Hertha BSC: Stotternder Neustart

Alles auf Null: Nach dem Bundesliga-Abstieg folgte bei Hertha BSC der Totalumbau. Auf eine ereignisreiche Transferperiode, in der 23 Spieler den Club verließen und 13 Zugänge kamen, sollte eine Phase der Ruhe und Konstanz einkehren. „Wir hatten einen riesigen Umbruch im Kader“, erklärte Sportdirektor Benjamin Weber. „Jetzt ist die Gruppe fest zusammen, das ist gut. Wir können jetzt in Ruhe arbeiten und wollen punkten. Es ist ein bisschen wie ein Neustart.“

Pal Dardai

Doch auf einen wenig erfolgreichen Liga-Auftakt mit drei Niederlagen in Serie und lediglich einem Dreier folgte am ersten September-Wochenende ein dramatisches Spiel gegen den 1. FC Magdeburg.
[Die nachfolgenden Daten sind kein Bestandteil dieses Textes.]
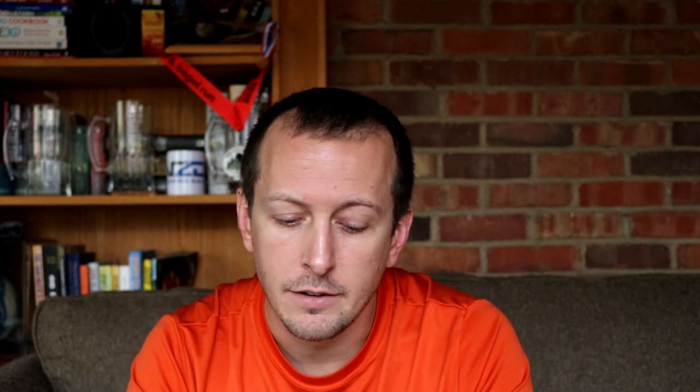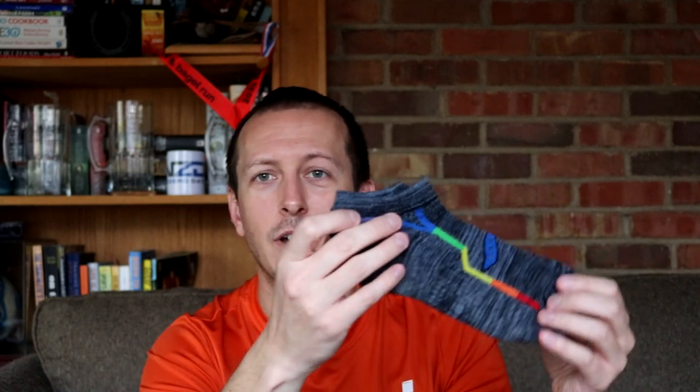The next stocking stuffer I'm going to suggest also comes in a bunch of different varieties depending on what your runner needs, and that is socks. I wear these socks from Saucony. I've worn a bunch of different kinds. The big part is making sure your runner isn't necessarily picky in this department, but you do want to know what style cut they like. I'm a millennial and many of us like low-cut socks, while many younger people are wearing ankle or mid-calf socks, so it depends on what they like.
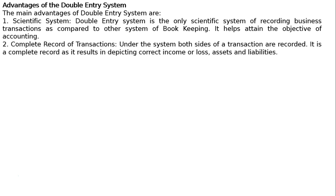2. Complete record of transactions. Under this system, both sides of a transaction are recorded. It is a complete record as it results in depicting the correct income or loss, assets and liabilities.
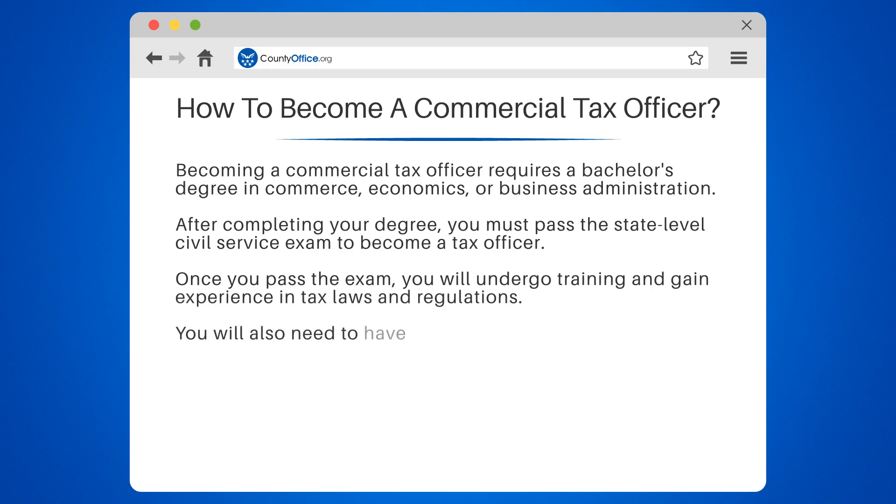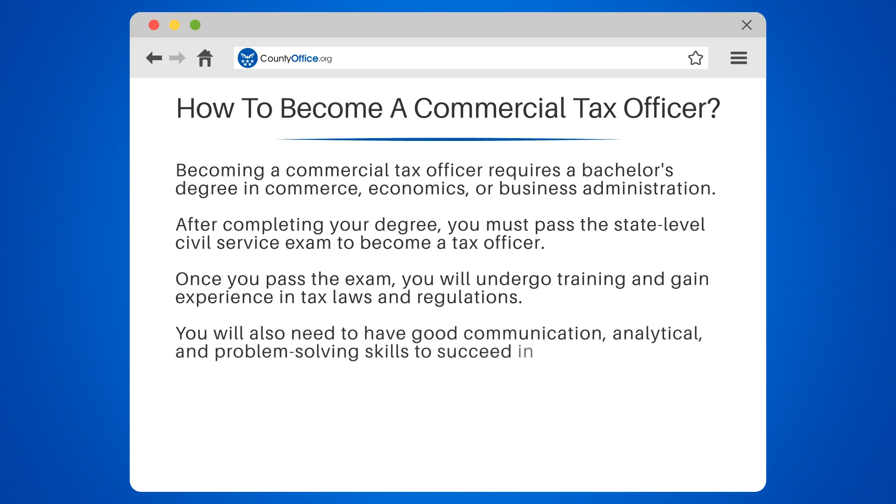You will also need to have good communication, analytical, and problem-solving skills to succeed in this role.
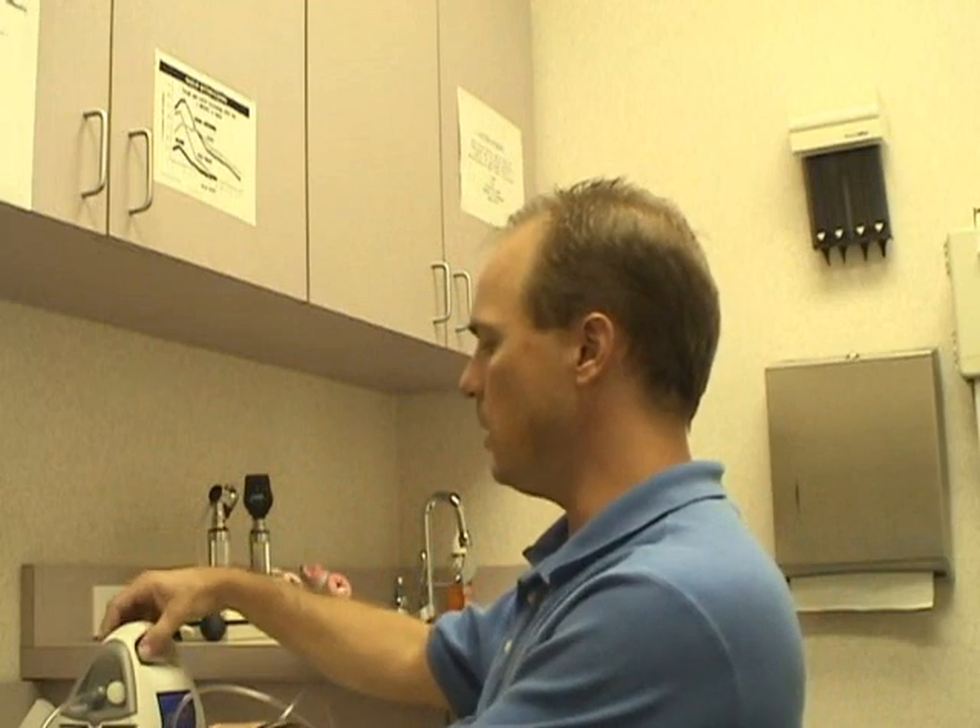The most common one that we use in the office is the nebulizer. Of course, that mist that's coming out is albuterol. This is an inhaler. It must also have a spacer.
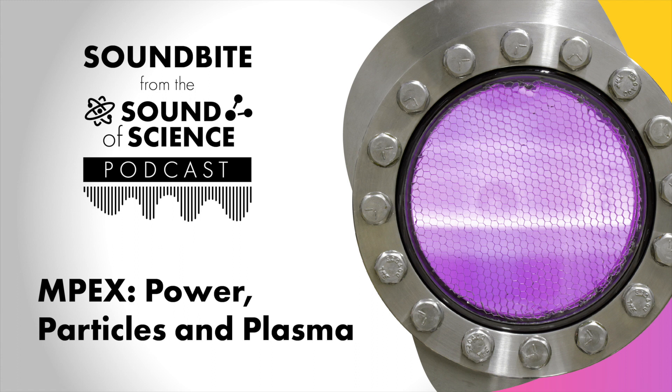Because we want to see how the material changes in situ, in real time. We want to see how the surface modifies, how it erodes, and if it disintegrates. Those are very critical questions we have to address on the way to a fusion reactor.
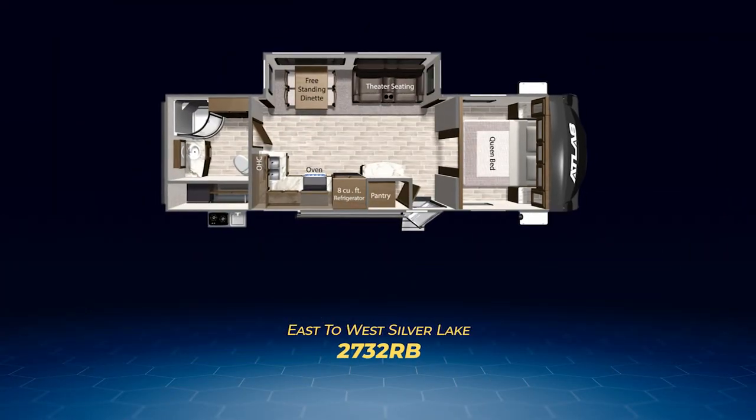Up first, we have the 2732RB. The rear bathroom is large and contains a linen closet and radius shower. The L-shaped kitchen abuts to the bathroom. At the end of the kitchen, you'll find a walk-in pantry fronted by an entertainment center. This all sits across from a large living area slide-out holding the booth dinette and theater seats. Up front, the bedroom is made private by dual pocket doors.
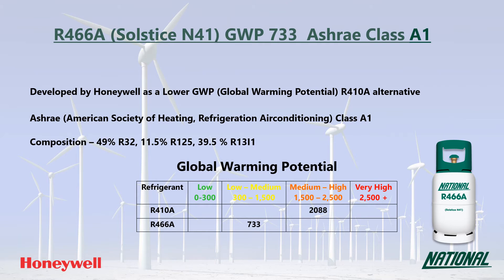When looking at GWP values, long-term sustainable low GWP replacements need to have a GWP no higher than around 300 and ideally below 150, so at 733 this is only an interim solution.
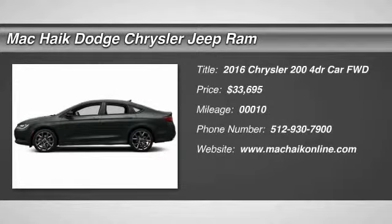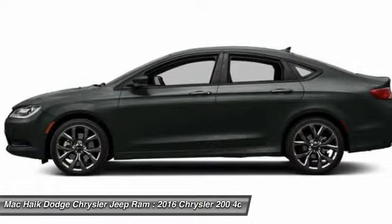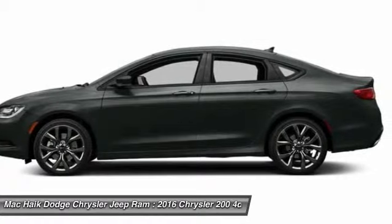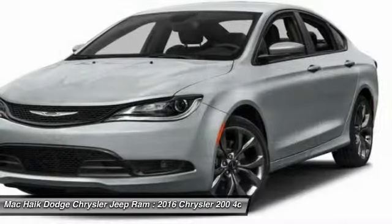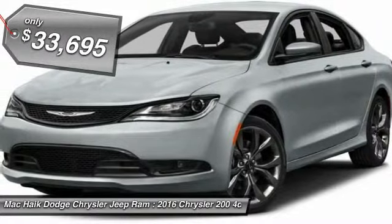2016 Chrysler 200. This mid-sized sedan from Chrysler is loaded with modern comforts. Thicker seats, LED lighting, and noise dampeners are just a few. This 200 model for Chrysler takes an aggressive step into a competitive market and is priced below $35,000.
Viermal gingen die Berliner auswärts in Führung, mussten sich schlussendlich trotzdem mit 4:6 geschlagen geben. In den nächsten beiden Spielen gegen Eintracht Braunschweig und Holstein Kiel konnte das Team von Chef-Trainer Pal Dardai punkten, bevor der FC St. Pauli am vergangenen Spieltag mit einem 2:1-Sieg im Olympiastadion verhinderte, dass die Berliner womöglich eine kleine Serie starten.
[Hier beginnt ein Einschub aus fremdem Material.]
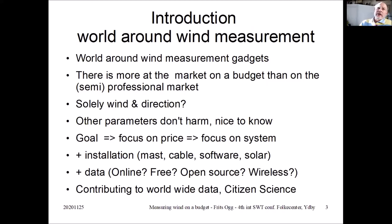There's more on the market on a budget, which I'll come to later, and then on the professional market. So there are a lot of cheap gadgets. The first question is whether you want to know exactly the wind direction and wind speed, because in the budget section there are many more parameters being measured. All the other parameters you're measuring don't harm, but you have a cheaper system and those other parameters are just nice to know.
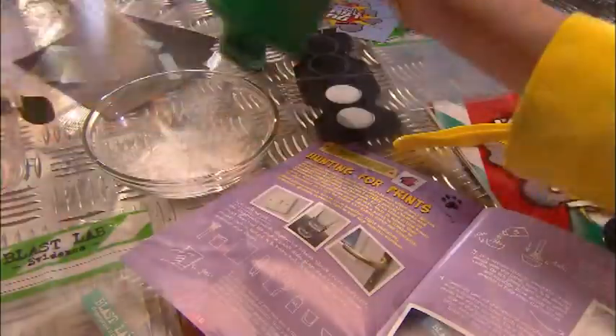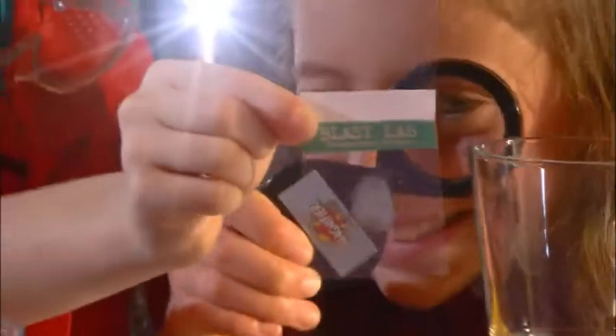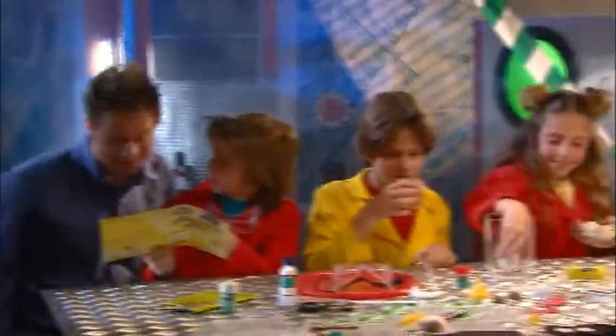Gloopy, slippery slime. Protect your Blast Lab by lifting suspicious fingerprints. Surprise chemical reactions — all make eggshells disappear and eggs bounce.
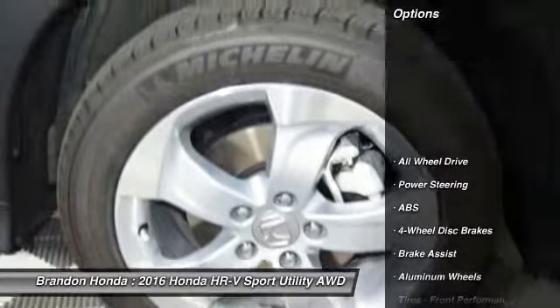This vehicle has less than 100 miles. Here are some of this vehicle's great options.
Coach Dardai fand nach Abpfiff klare Worte: „Die erste Hälfte haben wir verschenkt. In der zweiten Halbzeit haben wir mit Leidenschaft kompensiert, dass St. Pauli eine Mannschaft ist, die eine Klasse besser ist – so wie der HSV.“ Und er warnt vor einer überzogenen Erwartungshaltung sowie Ungeduld: „Wir dürfen nach zuletzt zwei Siegen nicht direkt wieder vom Aufstieg reden.“ Er habe die Partie als Lehrstunde betrachtet und feststellen wollen, wo seine Mannschaft steht. Trotz Niederlage zieht er auch eine positive Bilanz: „Während des Spiels haben wir dann kapiert, dass es mehr Körpereinsatz und mehr Leidenschaft braucht. Das war also ein Fortschritt und durch das 1:2 wurde die letzte Phase dann nochmal richtig geil. Es ist alles okay.“

Er muss es wissen, denn bereits zum dritten Mal steht der Ungar in Diensten der Alten Dame, seitdem er im April 2023 übernahm. Es war ein letzter Versuch mit der Vereinslegende, den fast unausweichlichen Abstieg zu verhindern. Diese Mission misslang, doch Dardai machte von Beginn an deutlich, dass er seinen Job auch darin versteht, gegen die grassierende Katastrophenstimmung im Club vorzugehen. Die schwierigen Umstände blendet er nicht aus, versucht aber parallel, Zuversicht zu verbreiten und positive Entwicklungen zu betonen.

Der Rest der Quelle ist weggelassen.